Tacky for sure. This is mainly done for our fun and enjoyment...if you didn't like putting together a haunt you wouldn't do it. We use the public as our audience, if you can't afford it, don't do it. :xbones: 
Mike


----------



## wilbret

Ever heard of block an tackle? Unless your witch weighs a ton, I don't see why you can get it on the roof yourself or with one other person.


----------



## Lady Nyxie

Here's my humble opinion... I have no problem with the food, money, pet supplies for a charity idea.

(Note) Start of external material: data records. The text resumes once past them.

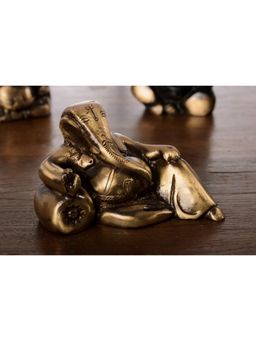eCraftIndia - Golden Brass Lord Ganesha Idol with Masand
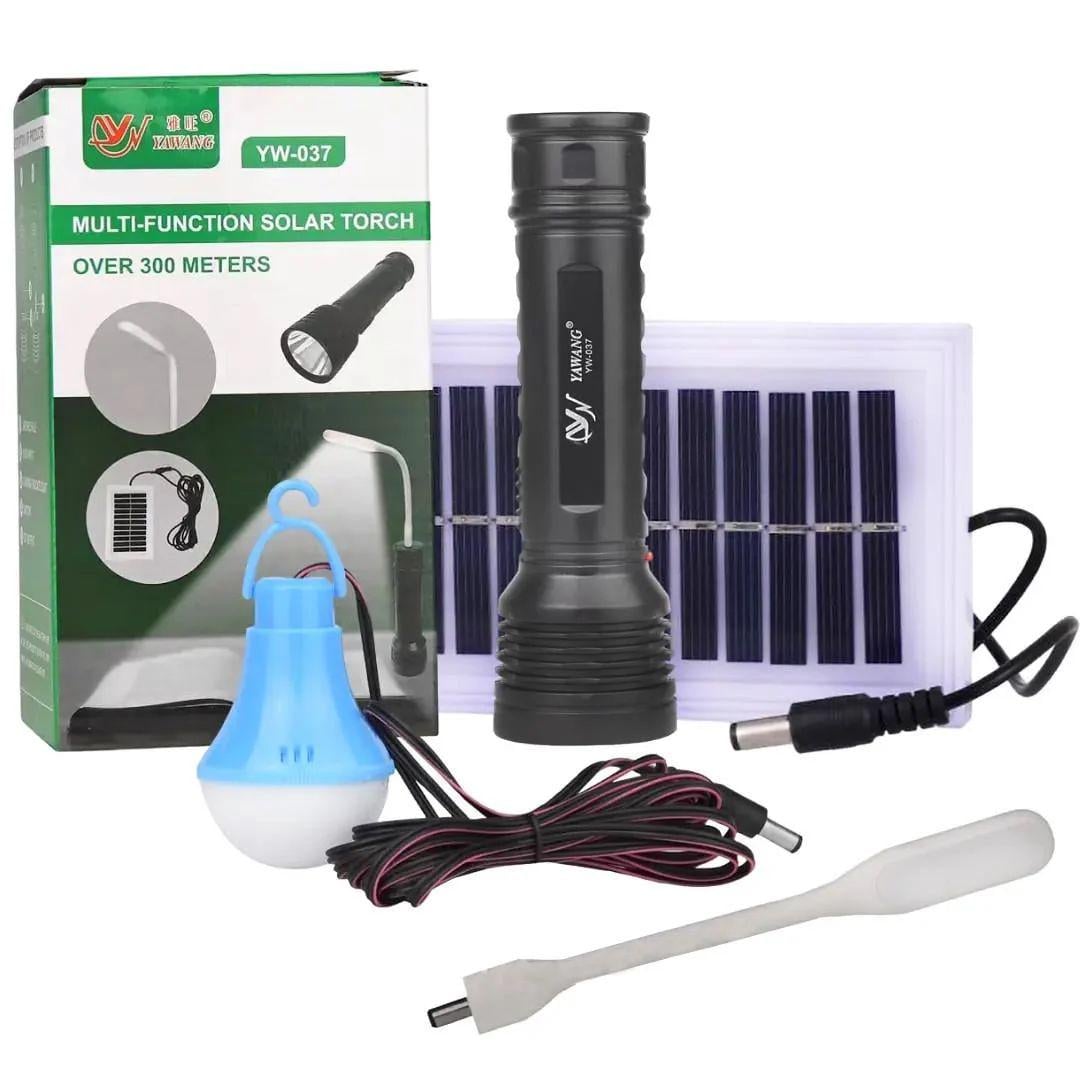 Фонарь ручной YAWANG YW-037 с солнечной панелью и 2 лампами (8409)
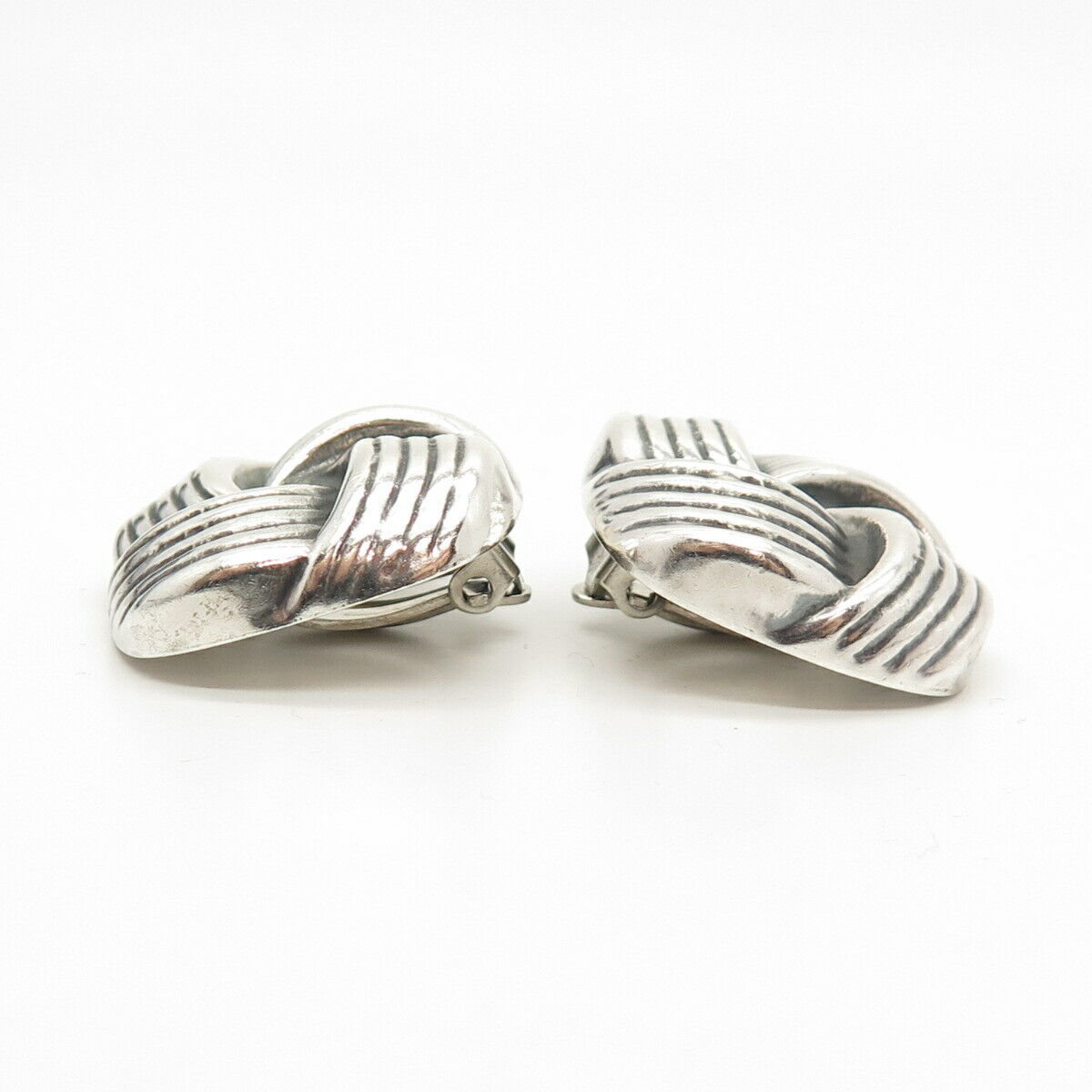 925 Sterling Silver Vintage Mexico Ribbed Knot Clip On Earrings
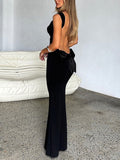 Prettyswomen- Solid Backless With Bow Long Dress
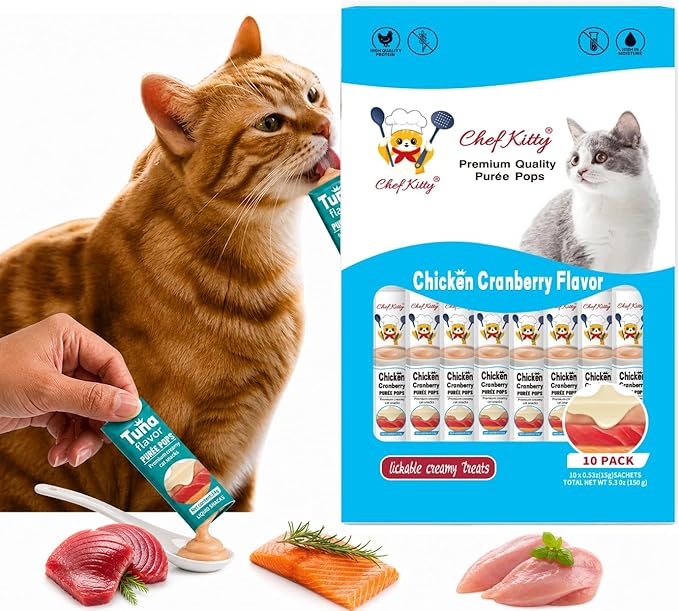 Cat Treats Lickable | Grain-Free Cat Food Toppers| Creamy Puree Squeeze Ups Urinary Tract Health & Kidney Support | 0.5 oz. Each Tube, Chicken with Cranberry Recipe | 10 Tubes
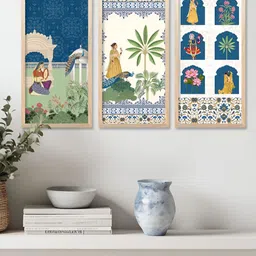 WALLLANE Navy Blue & White 3 Pieces Floral and Botanical Wooden Wall Paintings-2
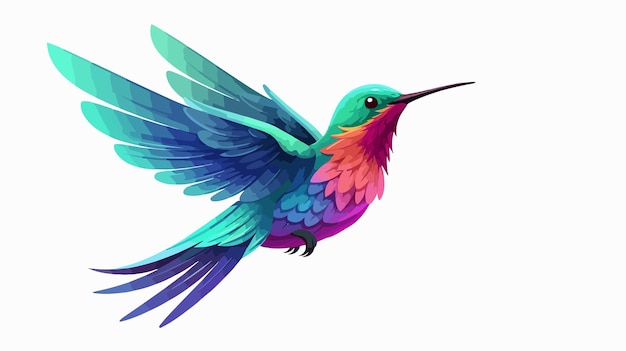 Vector colorful bird with a colorful wings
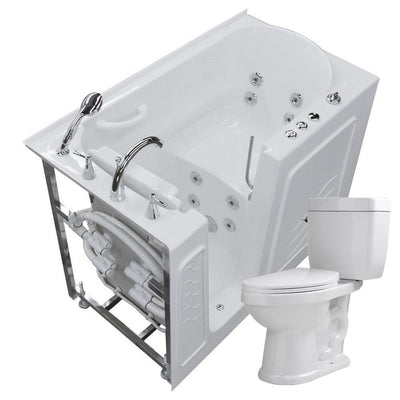 52.8 in. Walk-In Whirlpool Bathtub in White with 1.6 GPF Single Flush Toilet - Super Arbor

If you feel you need more than you are financially/physically able to handle on your own why not try the following: ask family, friends, coworkers, neighbors that you may be very good friends with to do one of the following: donate time to help set up/clean up, help build props, look around their house/at garage sales/at thrift stores for items they think would help/work in your haunt. Or perhaps family would be willing to give you birthday and Christmas presents that they bought at after Halloween sales. This year I got a huge rubber toad that I was salivating over in a seasonal Halloween shop. My mom picked it up after Halloween for 1/2 off. Talk about happy. My two most memorable Christmases have been the past two where I got props as gifts. They get stuff cheap... I get my fix.

Just a thought.


----------



## CreepyCanmore

I'm considering the food donation route for a local Spirit of Christmas drive. We'll just change it to The Spirit of Halloween and likely get good press. My motivation is to do build a community event so a little press to bring traffic and do something good is satisfaction enough. We live in a small town with a lot of construction going on, so I may be able to entice some local businesses to give me a price break on material or developers to give me excess building material. Every little bit helps and I think getting a real community involvement will help the haunt grow each year. Plus you get to meet a lot of people whom might otherwise not get the opportunity to meet.


----------



## GOT

*Home Owner's Association!*

I am not comfortable with putting out a donation box, simply because it's a fun day and you don't want to put any parents in an akward situation. However, last year I did go to my home owner's association and propose that they donate a few bucks. I expected more flack than I actually got but this was the fourth time I was the major attraction on the block and I was doing something special in 2006 (you can see it on www.garageofterror.com) and a promised them this was a one-time request rather than a yearly handout. It worked. Many HOAs have a budget for neighborhood entertainment. You might try that approach.


----------



## Abunai

*Tacky, but necessary*

I see that the trend is about 90% "tacky."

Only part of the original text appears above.